▶ Task directions
In the entries that follow, find the line containing "Uma vakinha foi" and the line containing "Cocker spaniel puppies ready now", then copy exactly everything from the first through the second except the pictures.

▶ Extracted data

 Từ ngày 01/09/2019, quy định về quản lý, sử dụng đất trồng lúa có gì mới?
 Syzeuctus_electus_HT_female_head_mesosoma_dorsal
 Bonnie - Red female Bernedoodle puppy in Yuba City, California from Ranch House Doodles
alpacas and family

---

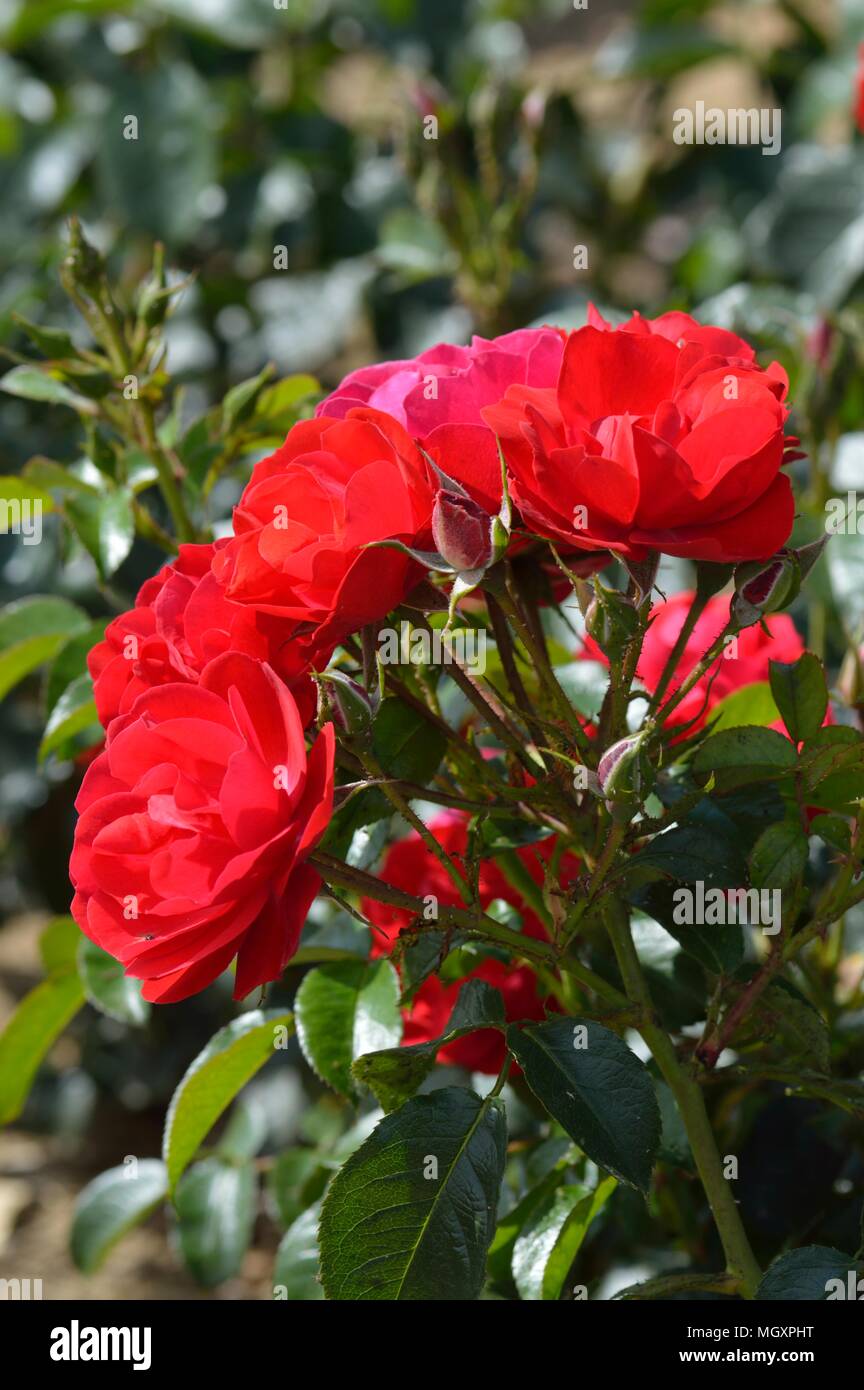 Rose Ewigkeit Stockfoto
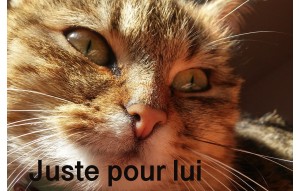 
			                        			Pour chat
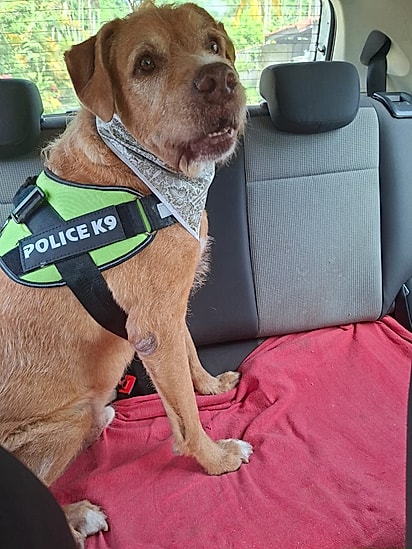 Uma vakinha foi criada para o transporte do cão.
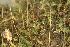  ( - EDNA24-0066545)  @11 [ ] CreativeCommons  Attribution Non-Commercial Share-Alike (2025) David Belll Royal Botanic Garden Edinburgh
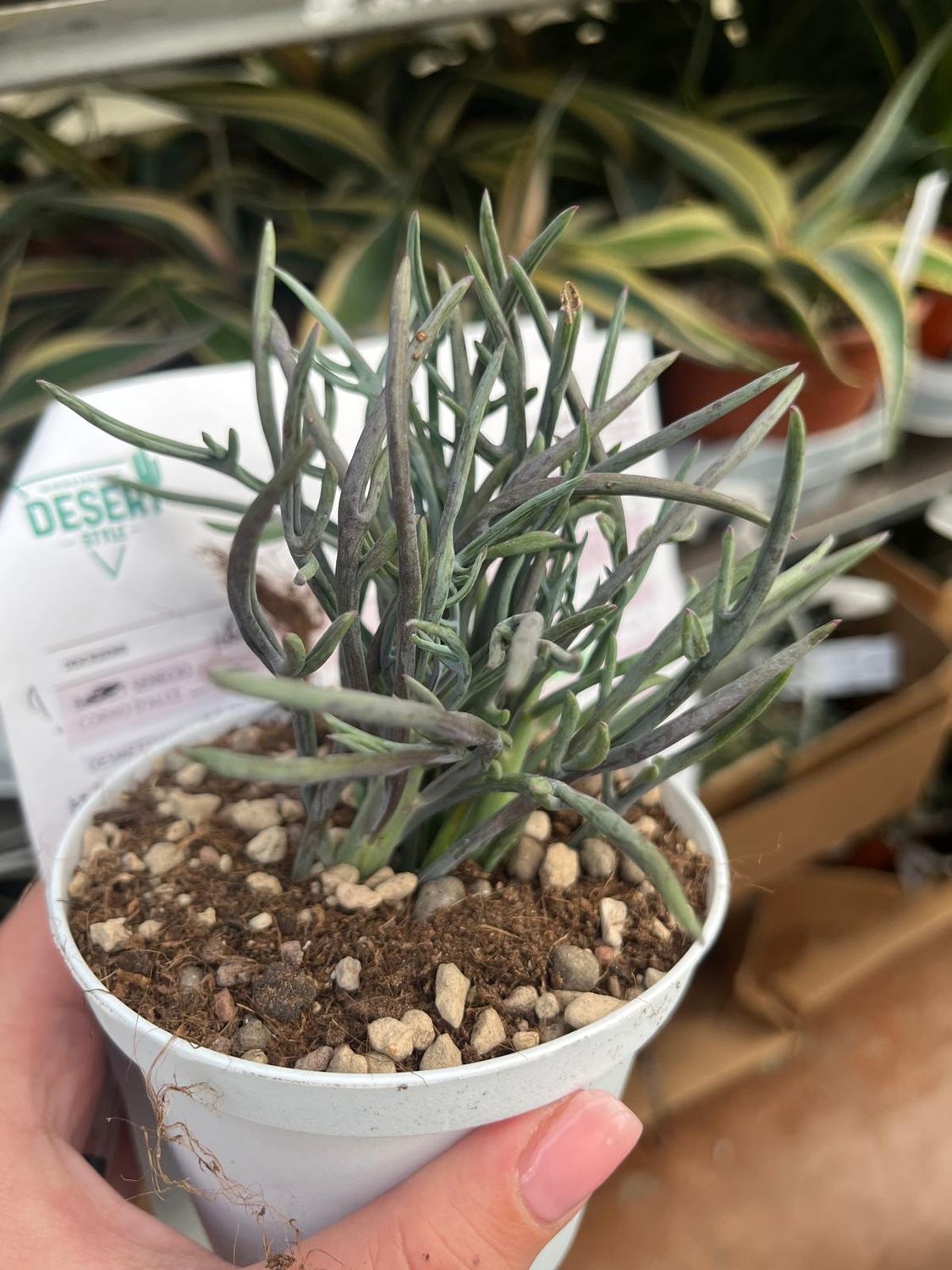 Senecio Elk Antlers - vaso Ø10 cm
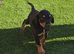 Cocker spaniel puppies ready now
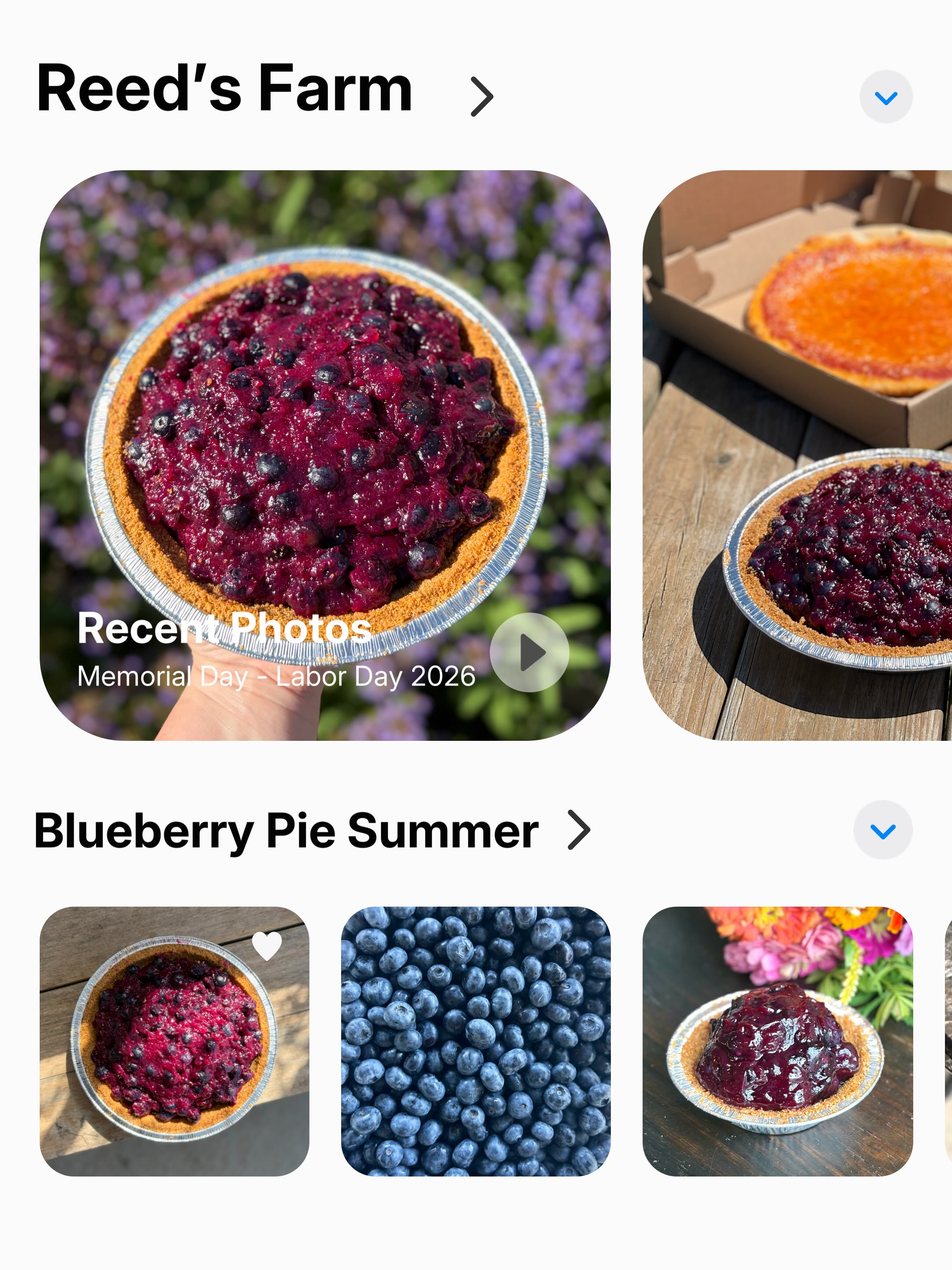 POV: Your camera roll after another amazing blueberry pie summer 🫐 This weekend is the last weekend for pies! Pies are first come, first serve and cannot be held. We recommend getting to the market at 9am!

---

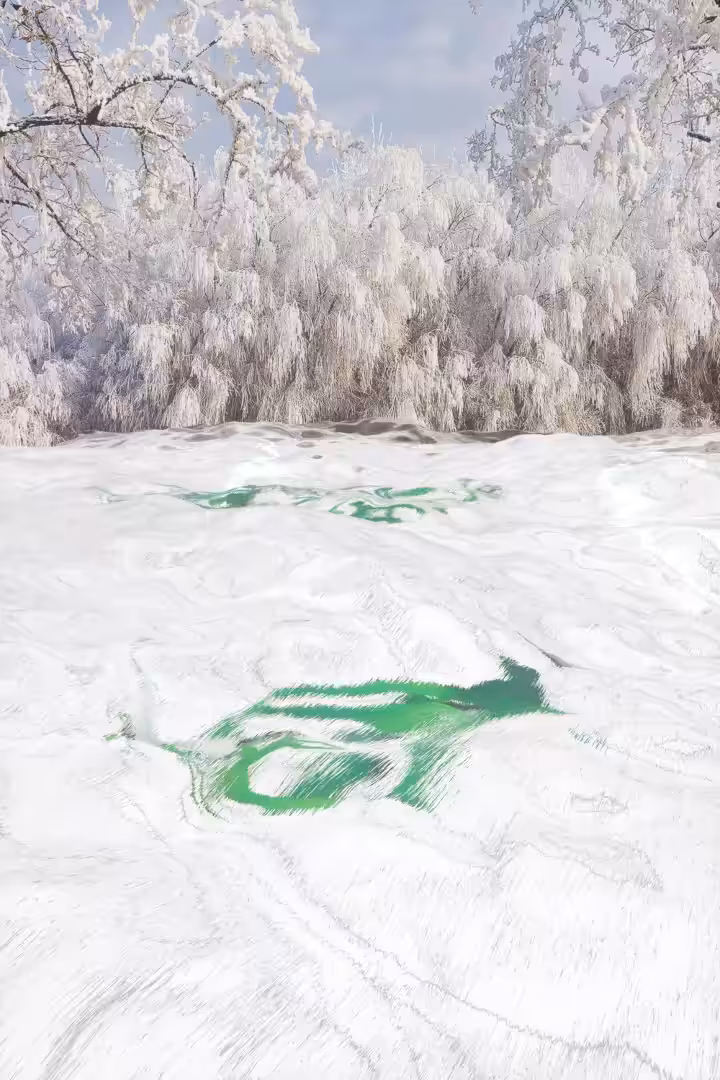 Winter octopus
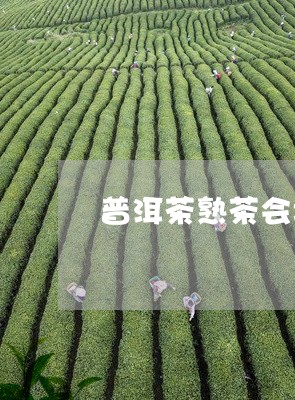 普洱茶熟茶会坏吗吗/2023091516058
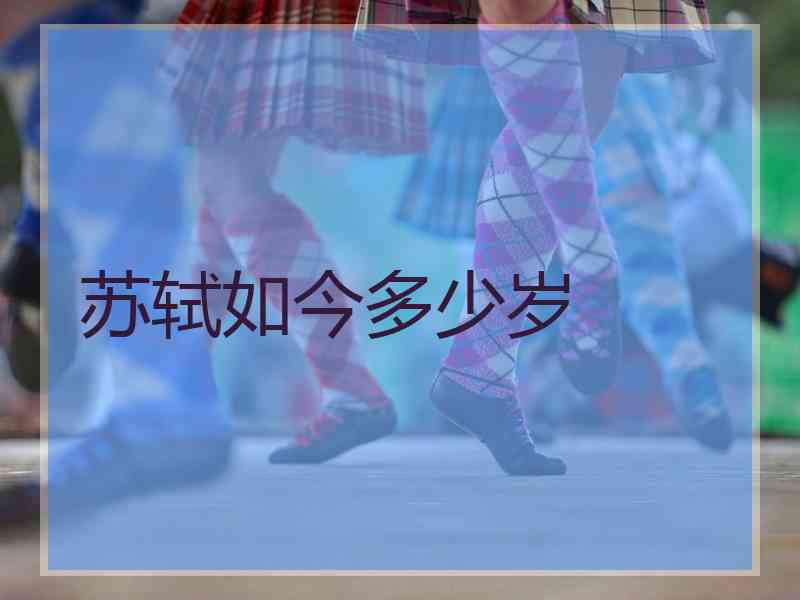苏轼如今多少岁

▶ Result below
 Uma vakinha foi criada para o transporte do cão.
  ( - EDNA24-0066545)  @11 [ ] CreativeCommons  Attribution Non-Commercial Share-Alike (2025) David Belll Royal Botanic Garden Edinburgh
 Senecio Elk Antlers - vaso Ø10 cm
 Cocker spaniel puppies ready now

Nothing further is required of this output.